START Collected material

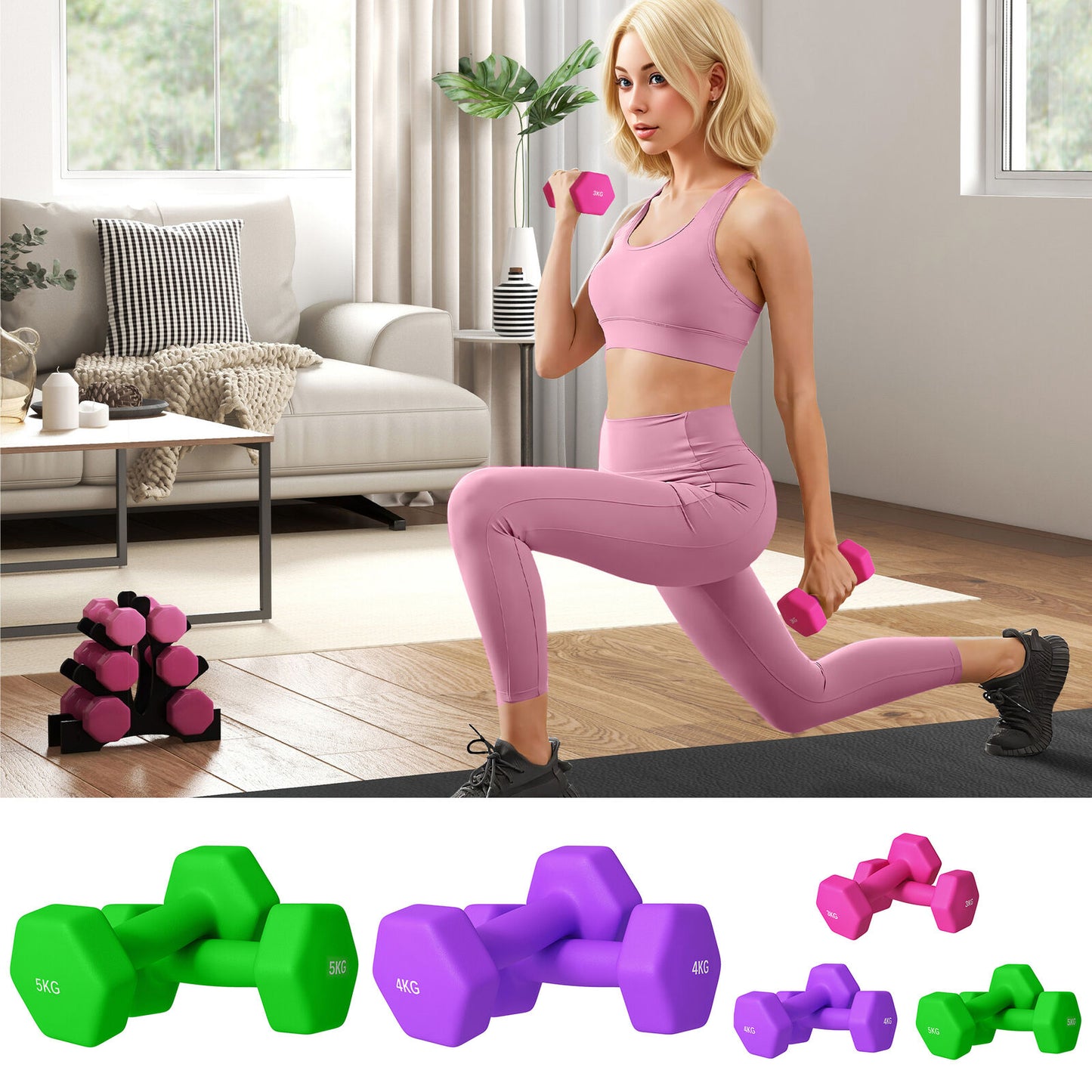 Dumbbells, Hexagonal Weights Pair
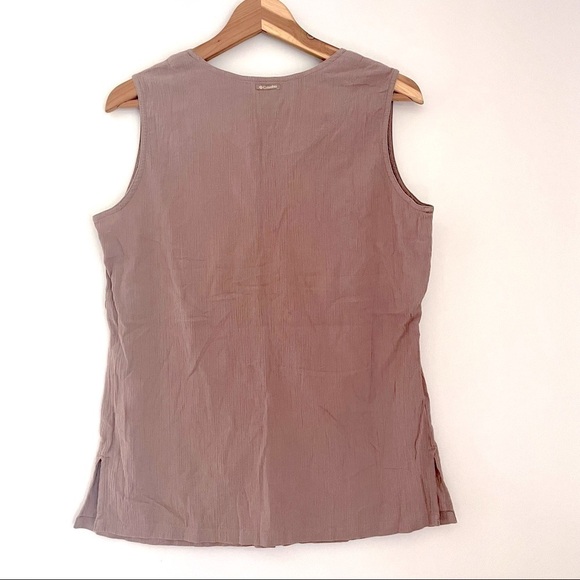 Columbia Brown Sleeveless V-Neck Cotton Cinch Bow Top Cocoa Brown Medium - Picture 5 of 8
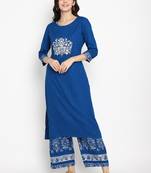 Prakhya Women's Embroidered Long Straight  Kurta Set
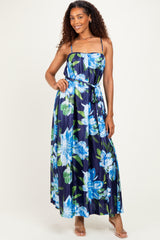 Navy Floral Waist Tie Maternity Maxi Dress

END Collected material

Problem to solve -> Write out, word for word, only the lines from the one containing "Columbia Brown Sleeveless" to the end of the data above; the pictures stay out.

Response to the task ->
 Columbia Brown Sleeveless V-Neck Cotton Cinch Bow Top Cocoa Brown Medium - Picture 5 of 8
 Prakhya Women's Embroidered Long Straight  Kurta Set
 Navy Floral Waist Tie Maternity Maxi Dress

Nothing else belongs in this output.